Hearing structures or tympanal organs are located on different body parts such as, wings, abdomen, legs and antennae. These can respond to various frequencies ranging from 100 to 240 kHz depending on insect species (Triplehorn & Johnson, 2005). Many of the joints of the insect have tactile setae that register movement. Hair beds and groups of small hair like sensilla, determine proprioreception or information about the position of a limb, and are found on the cuticle at the joints of segments and legs. Pressure on the body wall or strain gauges are detected by the campiniform sensilla and internal stretch receptors sense muscle distension and digestive system stretching (McGavin 2001; Triplehorn & Johnson, 2005,).
The compound eye and the ocelli supply insect vision. The compound eye consists of individual light receptive units called ommatidia. Some ants may have only one or two, however dragonflies may have over 10,000. The more ommatidia the greater the visual acuity. These units have a clear lens system and light sensitive retina cells. By day, the image flying insects receive is made up of a mosaic of specks of differing light intensity from all the different ommatidia. At night or dusk, visual acuity is sacrificed for light sensitivity (McGavin, 2001). The ocelli are unable to form focussed images but are sensitive mainly, to differences in light intensity (Triplehorn & Johnson, 2005). Colour vision occurs in all orders of insects. Generally insects see better at the blue end of the spectrum than at the red end. In some orders sensitivity ranges can include ultraviolet (McGavin, 2001).

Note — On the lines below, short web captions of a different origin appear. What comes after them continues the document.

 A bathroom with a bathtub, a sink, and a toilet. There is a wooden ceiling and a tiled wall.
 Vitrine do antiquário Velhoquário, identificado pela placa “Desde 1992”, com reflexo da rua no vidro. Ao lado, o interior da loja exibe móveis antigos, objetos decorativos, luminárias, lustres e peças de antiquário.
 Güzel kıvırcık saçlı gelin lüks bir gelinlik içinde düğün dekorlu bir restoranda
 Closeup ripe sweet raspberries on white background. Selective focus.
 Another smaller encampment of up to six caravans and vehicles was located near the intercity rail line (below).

A number of insects have temperature and humidity sensors (McGavin, 2001) and insects being small, cool more quickly than larger animals. Insects are generally considered cold-blooded or ectothermic, their body temperature rising and falling with the environment. However, flying insects raise their body temperature through the action of flight, above environmental temperatures (Elzinga, 2004; Triplehorn & Johnson, 2005,). The body temperature of butterflies and grasshoppers in flight may be 5oC or 10oC above environmental temperature, however moths and bumblebees, insulated by scales and hair, during flight, may raise flight muscle temperature 20-30oC above the environment temperature. Most flying insects have to maintain their flight muscles above a certain temperature to gain power enough to fly. Shivering, or vibrating the wing muscles allow larger insects to actively increase the temperature of their flight muscles, enabling flight (Triplehorn & Johnson, 2005).

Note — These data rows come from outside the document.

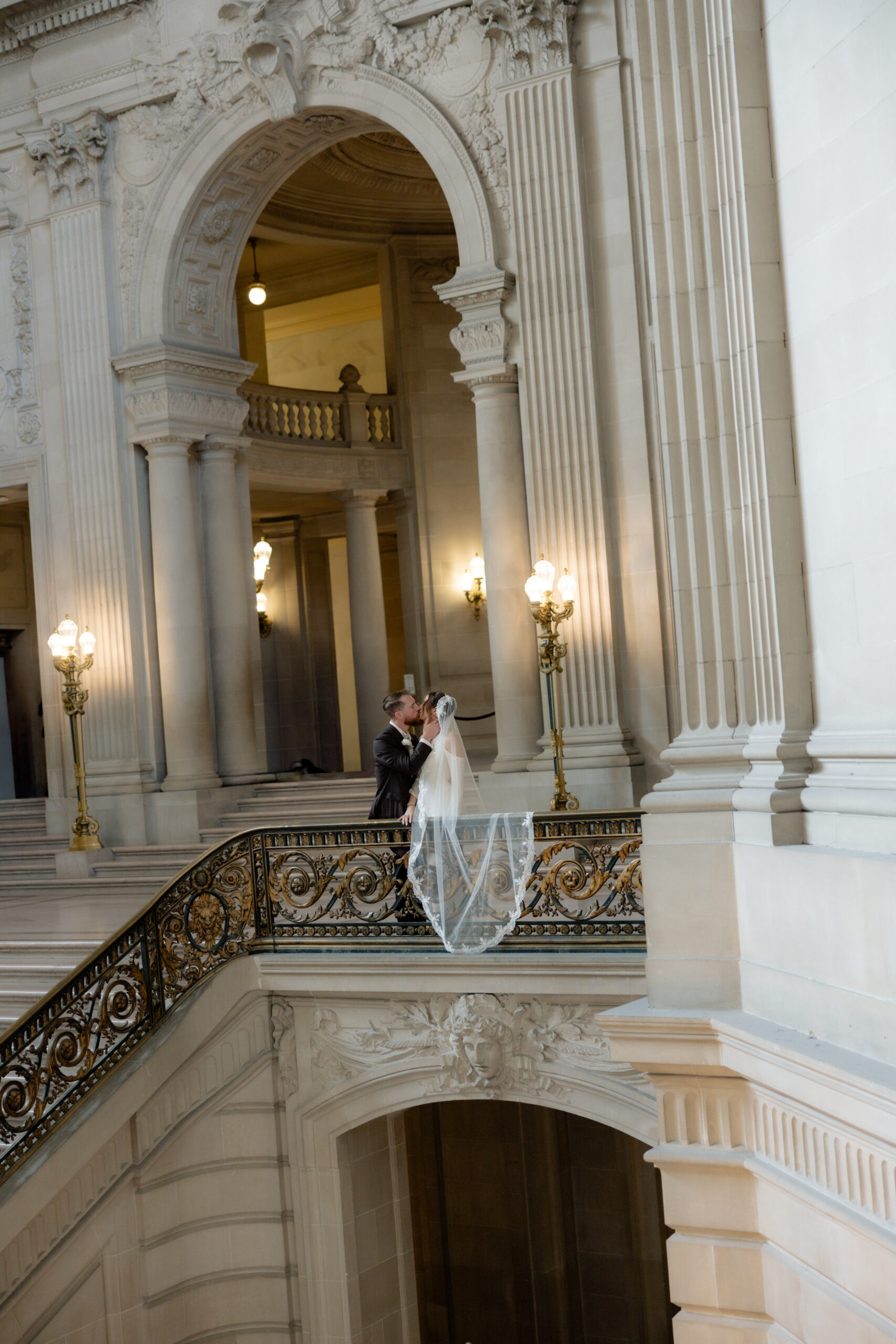 An editorial wedding photo of a bride and groom at San Francisco City Hall with the bride's veil draped over a railing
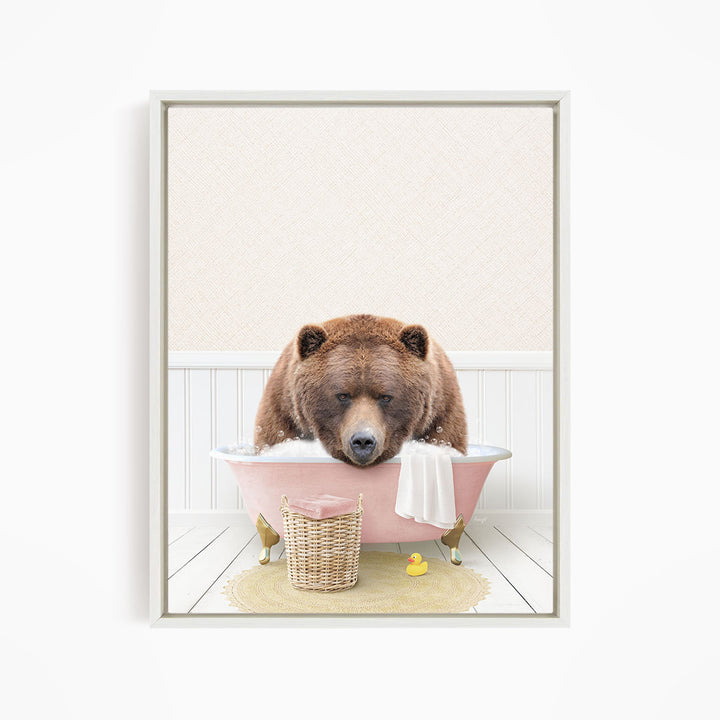 A brown bear is sitting in a pink bathtub filled with water, surrounded by a yellow rubber duck and a white towel.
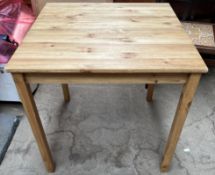 A modern pine table of square form on square legs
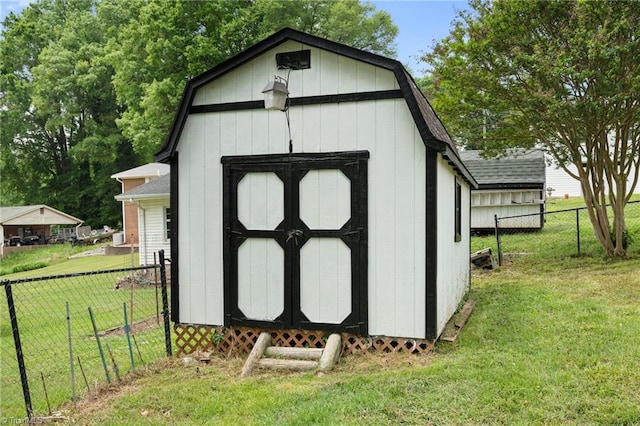 view of shed featuring fence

Egg development is mostly completed by the insect’s adult stage and is controlled by hormones that control the initial stages of oogenesis and yolk deposition (Gullan & Cranston, 2005). Most insects are oviviparous, where the young hatch after the eggs have been laid (Triplehorn & Johnson, 2005).
Insect sexual reproduction starts with sperm entry that stimulates oogenesis, meiosis occurs and the egg moves down the genital tract. Accessory glands of the female secrete an adhesive substance to attach eggs to an object and they also supply material that provides the eggs with a protective coating. Oviposition takes place via the female ovipositor (Elzinga, 2004; Triplehorn & Johnson, 2005).

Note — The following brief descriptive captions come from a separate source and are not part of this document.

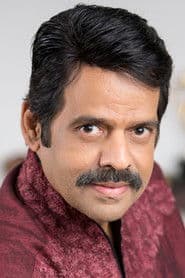 Balachandra Menon as Krishnamoorthy
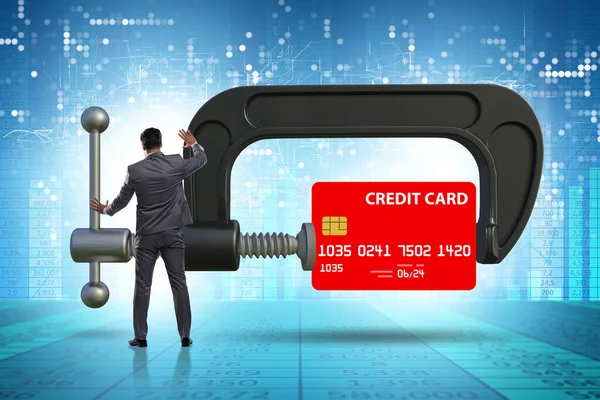 Concept of credit card debt with clamp and businessman — Stockfoto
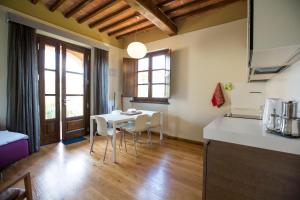 A kitchen or kitchenette at Spa Resort Fonte Alla Lepre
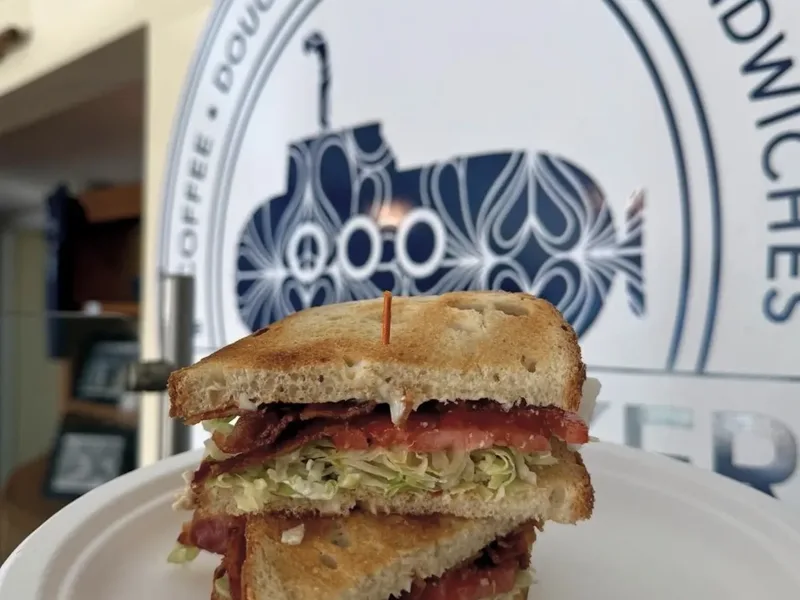 A toasted BLT cut in half on a paper plate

Sexual and asexual reproduction Most insects reproduce via sexual reproduction, i.e the egg is produced by the female, fertilised by the male and oviposited by the female. Eggs are usually deposited in a precise microhabitat on or near the required food (Elzinga, 2004). However, some adult females can reproduce without male input. This is known as parthenogenesis and in the most common type of parthenogenesis the offspring are essentially identical to the mother. This is most often seen in aphids and scale insects (Elzinga, 2004).